In 1966, Beatles guitarist George Harrison married Pattie Boyd, a model he met during the filming of A Hard Day’s Night. During the late 1960s, Clapton and Harrison became close friends. Clapton contributed uncredited guitar work on Harrison’s song “While My Guitar Gently Weeps” on the Beatles’ White Album, and Harrison co-wrote and played guitar pseudonymously (as L’Angelo Misterioso) on Cream’s “Badge” from Goodbye. However, between his tenures in Cream and Blind Faith, Clapton fell in love with Boyd.
The title, “Layla”, was inspired by the story of Layla and Majnun, which Clapton had been told by his friend Ian Dallas, who was in the process of converting to Islam. Nizami’s tale, about a moon princess who was married off by her father to a man she didn’t love, resulting in Majnun’s madness, struck a deep chord with Clapton.
Boyd divorced Harrison in 1977 and married Clapton in 1979 during a concert stop in Tucson, Arizona. Harrison was not bitter about the divorce and attended Clapton’s wedding party with fellow Beatles Ringo Starr and Paul McCartney. During their relationship, Clapton wrote another love ballad for Pattie, “Wonderful Tonight” (1977). Clapton and Boyd divorced in 1988 after several years of separation.
AllMusic critic Stephen Thomas Erlewine reviewed “Layla” seemed to be the Unplugged album’s hit which the critic describes as a “slow crawl through Derek & the Dominos’ version, turning that anguished howl of pain into a cozy shuffle and the whole album proceeds at a similar amiable gait, taking its time and enjoying detours into old blues standards.” Journalist Steve Hochman called the acoustic version a “low-key but seductive recasting”. Music broadcaster VH1 thinks the Unplugged version revealed Clapton’s guitar skills in the acoustic setting, which was particularly obvious on the re-working of “Layla” that “stressed Clapton’s tender side without forfeiting intensity.” Entertainment Weekly journalists picked the tune as the mega-hit of the Unplugged album. The critics especially liked Leavell’s piano work on the song, saying that it “adds a smoky-jazz-joint torch-song ambiance that’s both expectation shattering and emotionally compelling to the tune”.

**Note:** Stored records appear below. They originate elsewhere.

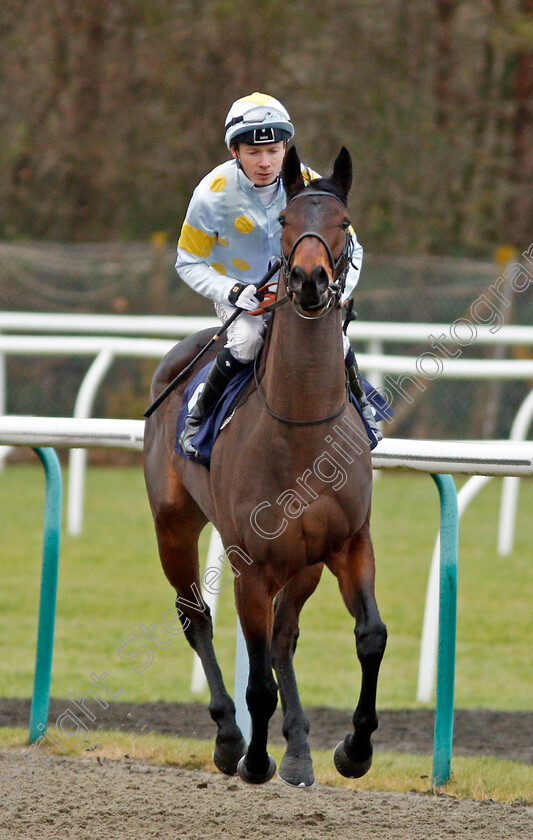 Mundersfield-0001 
 MUNDERSFIELD (Jamie Spencer) Lingfield 13 Dec 2017 - Pic Steven Cargill / Racingfotos.com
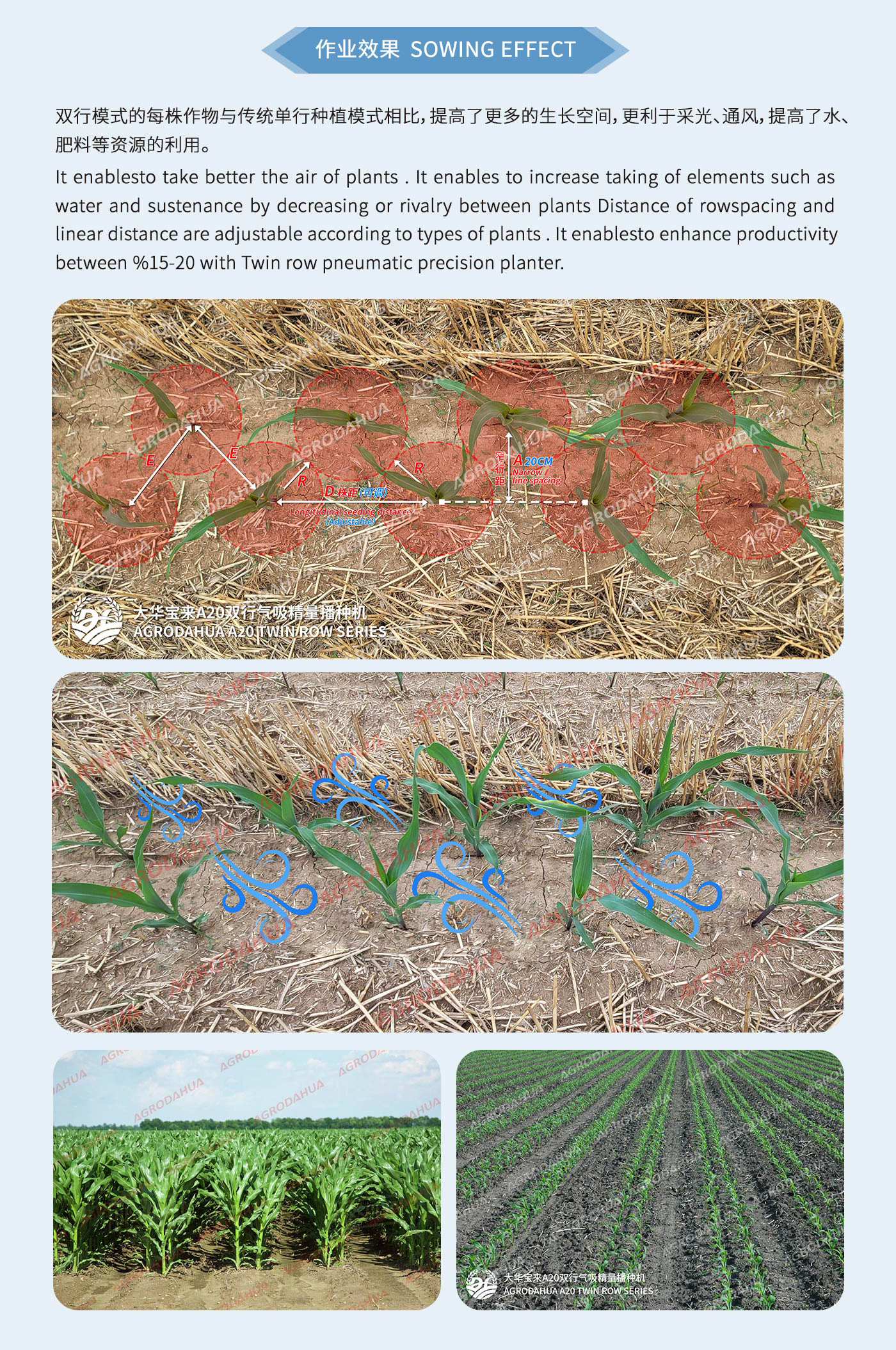 Better-ventilation-and-light-transmission-for-crops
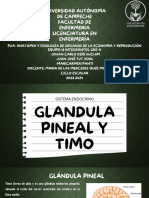 glandula pineal y timo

In 1970, Jamrock Entertainment listed “Layla” as the best song of the year. Acclaimed Music rated the original version as the best song of 1970 and the 12th most popular song of the 1970s. In 1972, “Layla” was one of the most performed songs of the year, and was just a year after its original release considered a “Rock standard”. With its re-release in 1982, the Rock song cemented its reputation as a global Rock hit track. The tune features one of the most iconic Rock guitar riffs of all-time, and it is one of the popular songs written about a woman. It is featured on a number of “greatest ever” lists. The song was chosen by the Rock and Roll Hall of Fame as one of their “500 Songs that Shaped Rock and Roll”, and Rolling Stone ranked the song at #27 on their list of “The 500 Greatest Songs of All Time”. The Recording Industry Association of America ranked “Layla” at number 118 on their Songs of the Century on March 7, 2001. Music critic Dave Marsh placed the tune on number two for his “Best Singles of the Year 1972” compilation. With its makeover in 1992 for the Unplugged album, “Layla” became an all-time hit song, as it won the Grammy Award for Best Rock Song in 1993, and was broadcast nonstop in 1992 and 1993 on the radio, in stores, and on television around the globe. In 1992, “Layla” was the most performed song of the year, and won a BMI Broadcasting Award for radio and television appearances of the 1992 “Layla” for more than two million times in summer of 1994 – just one and a half years after “Layla” had been released as an acoustic version. As of 2011, “Layla” attained more than six million broadcasts on television and the radio or performances on other records and during live concerts.